The RS7 seemed to adapt less proficiently to the twisty roads. Its serenity and poise on the freeway gave it a slight advantage in that environment, but once the going got tough, the Audi struggled against the competition.

That's not to say it was incapable or unruly. It certainly wasn't embarrassed in the company, it simply wasn't as overtly sporting.

The Mercedes reminded us of the Corvette Stingray Z51 we tested last month against the Jaguar F-Type V8S. Its controls seemed to similarly gain weight and substance as it found speed. Both cars were also more inclined to roll into the turns, giving you a better impression of speed and traction. Whereas the Audi's steering remained relatively light in its sport setting and the body slightly over-damped.

At more sane speeds, the Audi RS7 seemingly wafted you along on a carpet of feathers, but pushed up some mountain roads, those feathers were less useful.

Again, it wasn't a dog. The Audi could be pushed hard. The sports exhaust on the 4.0L V8 was bellowing, the quattro system finding prodigious grip, but it simply didn't have the precision or brutality of the Benz. Most people under most circumstances would never know this since it's a massively capable cruiser, but it isn't in the AMG's canyon carving league. It's maybe 5% less capable but, if that's your main criteria, it's good to know where they stand.

Lined up against these grip monsters was the Jaguar and, to be honest, at this point we'd almost discounted it from the reckoning. Its 550hp supercharged 5.0L V8 was marginally the least powerful and, while it had plenty of low-end grunt, it ran out of steam at the top-end where the biturbo motors were still pulling hard.

It was also the only RWD platform and initially seemed to lack finesse. In its Dynamic mode, the loose road surface was catching out the rear wheels, causing it to oversteer more often, losing ground on the grippier Germans.

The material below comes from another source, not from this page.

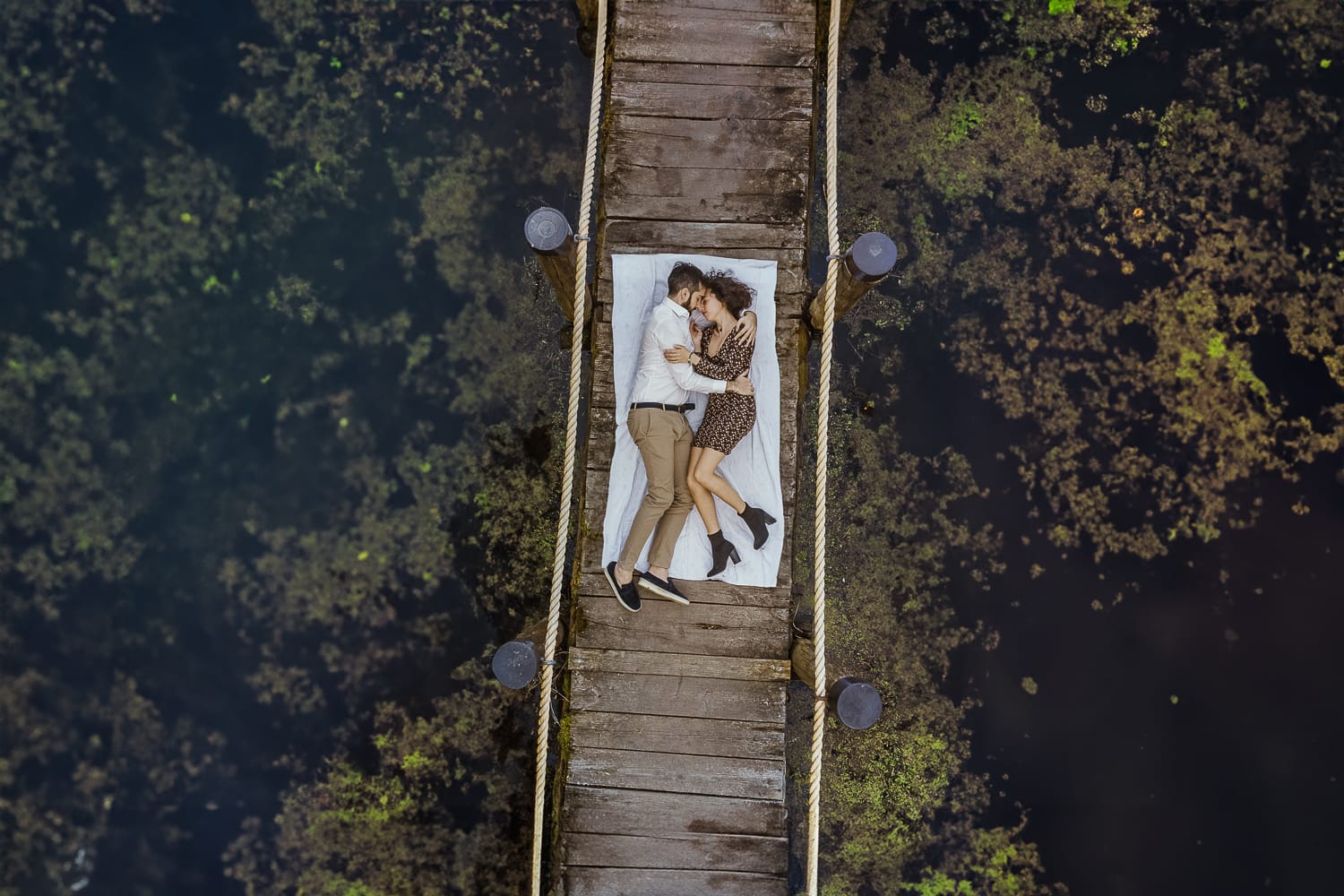 Pre-wedding al Lago di Viverone di Ilaria e Luca. Foto aerea dal drone della coppia sdraiata sul pontile del Lago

Its blown V8 was also disappointingly muted. After driving the Jaguar F-Type and XKR-S, we were expecting the new XFR-S to roar like a big cat, but it lacked the exotic soundtrack of its stablemates.

When leaving the mountain I jumped back into the Jag and decided to give it another chance. Heavier than the Mercedes but with rather numb steering, we built up speed as the other two cars disappeared around a couple of corners. Stowing bags and equipment, it took us a while to settle before setting off to close the gap.

To my astonishment, it took no time to reel in the two Germans. Admittedly, it required a slightly different approach on my part; lugging from low revs to utilize the supercharged torque and changing gear early on the paddles to avoid the breathless top-end. Driven this way, the XFR-S was starting to make sense.

The adaptive suspension was dealing superbly with road imperfections, keeping its 20" forged wheels nailed down and allowing the fat tires to do their job. The brakes were easily as capable as the flashier alternatives on the opposition, although they did appear to be the hottest at the end of our adventure.

The XFR-S was totally deceptive. It didn't feel as though you were driving it quickly, but without really trying, we caught the Audi and Benz that were clearly using all their acceleration and grip to leave the mountain.

With 0-60mph in 4.4sec, the Jaguar was the slowest of the group by a considerable margin, despite the advantage of an eight-speed transmission. The XFR-S was embarrassed by the 3.6sec AMG and 3.7sec RS7, yet up in the mountains, where it really mattered, the Jag had the right stuff to hold its own.

After swapping back into the AMG and being followed by the Jaguar, I was asked whether I'd been trying to stay ahead. I didn't want to admit I was pushing the E63 hard because I could see how easily the Jag was keeping pace...

As our journey continued, the Brit continued to perform its magic trick: covering ground without seeming to expend any effort. As several drivers observed, the XFR-S appeared to shrink around you, feeling more like a sports car than either of its rivals.

It was an impressive party piece but somehow the Jag lacked the engaging personality of the Merc, which made you feel more involved despite its lack of drama. The Jaguar was certainly an enigma.